Okay folks, strap in because trying fancy French holiday chicken was… an adventure. Wanted that cozy bistro vibe without leaving my kitchen. Pulled up some “classic easy” recipes online and thought, “How hard could it be?” Spoiler: real hard.

The Grand Plan & Shopping Chaos
Decided on two supposedly simple ones: Poulet à la Normande and Coq au Vin Blanc. Read the ingredients lists first – big mistake. Normandy chicken needed Calvados apple brandy? Drove to five liquor stores looking for that stuff. Finally found a tiny bottle costing way too much. Grabbed free-range chicken thighs too, because the recipe said “essential for flavor.” Felt fancy holding that bag.
Got home and realized I needed:
- Dry white wine (used my cheapest Sauvignon Blanc)
- Mushrooms (the pre-sliced kind because ain’t nobody got time)
- Heavy cream (almost bought coffee creamer by accident)
- Bacon (“lardons” sounded too pretentious, so got thick-cut)

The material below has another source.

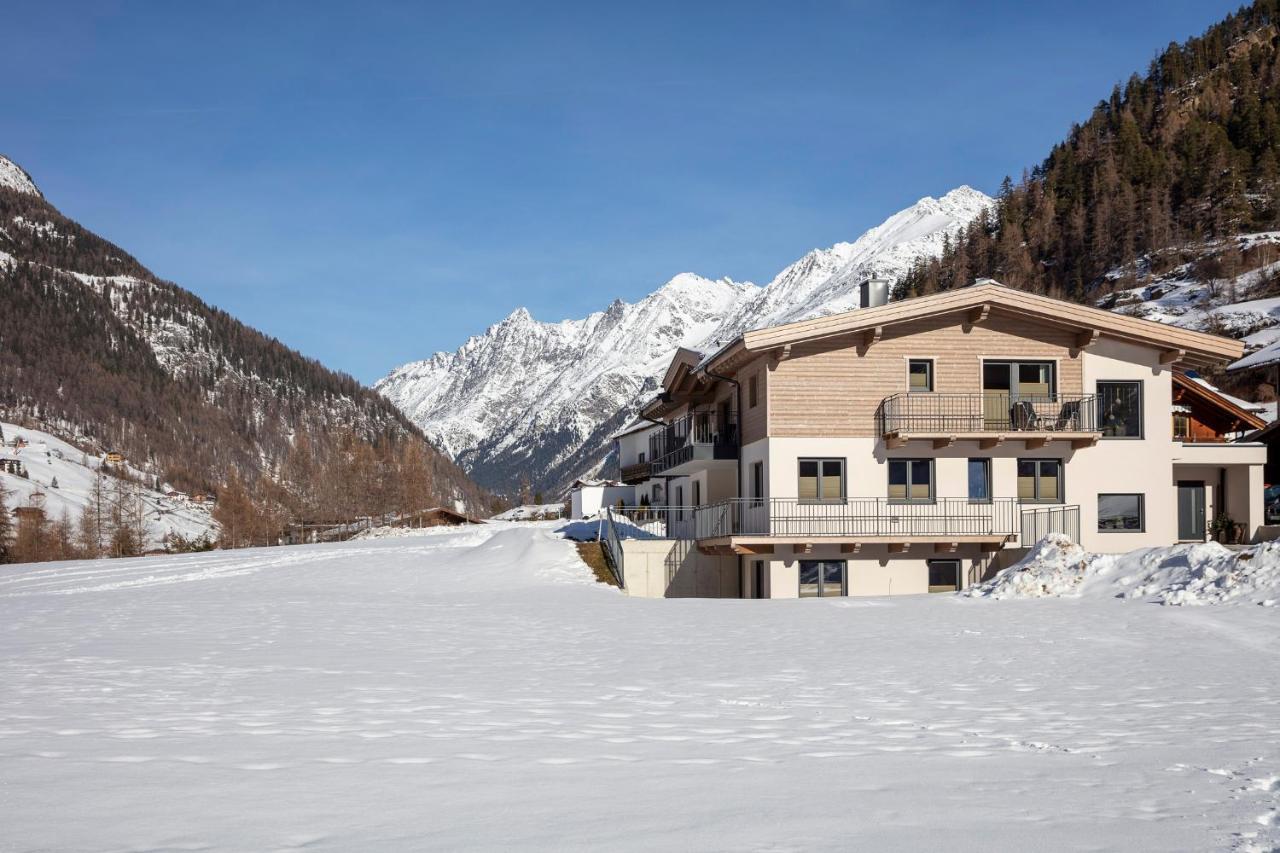 Landhaus Sonnenwiese Зёльден Экстерьер фото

Poulet à la Normande Debacle
Started with the Normandy chicken. Recipe said: “Sear chicken until golden.” Mine turned black in 90 seconds. My smoke detector sang backup vocals. Scraped off the char, kept going. Pouring that expensive Calvados into a hot pan? Flames shot up to the ceiling. Yelled. Swung a towel like a maniac. Neighbors probably thought I was summoning demons.

Added cream later thinking it’d save everything. Wrong. Sauce curdled like cottage cheese. Added extra broth praying it’d melt back together. Tasted like boozy chicken soup with apples. Kids took one bite and asked for cereal.
Coq au Vin Blanc Drama
Got the bacon wrong immediately. Wanted crispy little bits? Got chewy fatty lumps. Left them in the pot out of spite. Next mistake: Recipe said “simmer chicken gently for 45 minutes.” Mine boiled like a volcano. Chicken turned into rubber. Sauce looked gray and sad. Added extra mushrooms trying to make it “festive.” Still looked like dishwater with floaters.
The reality check:

- French “peasant food” requires ninja skills (or a French grandma)

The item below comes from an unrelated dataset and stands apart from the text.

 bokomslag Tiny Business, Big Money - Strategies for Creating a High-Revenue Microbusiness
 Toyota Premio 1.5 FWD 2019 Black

- Don’t try fancy flambés if you own flammable curtains
- Kids will destroy your culinary dreams every time
Salvaged Holiday “Feast”
Took two failed dishes, dumped them into one pot. Added three tablespoons of store-bought gravy. Microwaved for three minutes. Called it “Fusion Stew.” It was edible. Almost proud.
Drank the leftover wine straight from the bottle while eating. Holiday spirit achieved, just not how the recipes planned. Maybe next year I’ll order takeout and tell people it’s confit.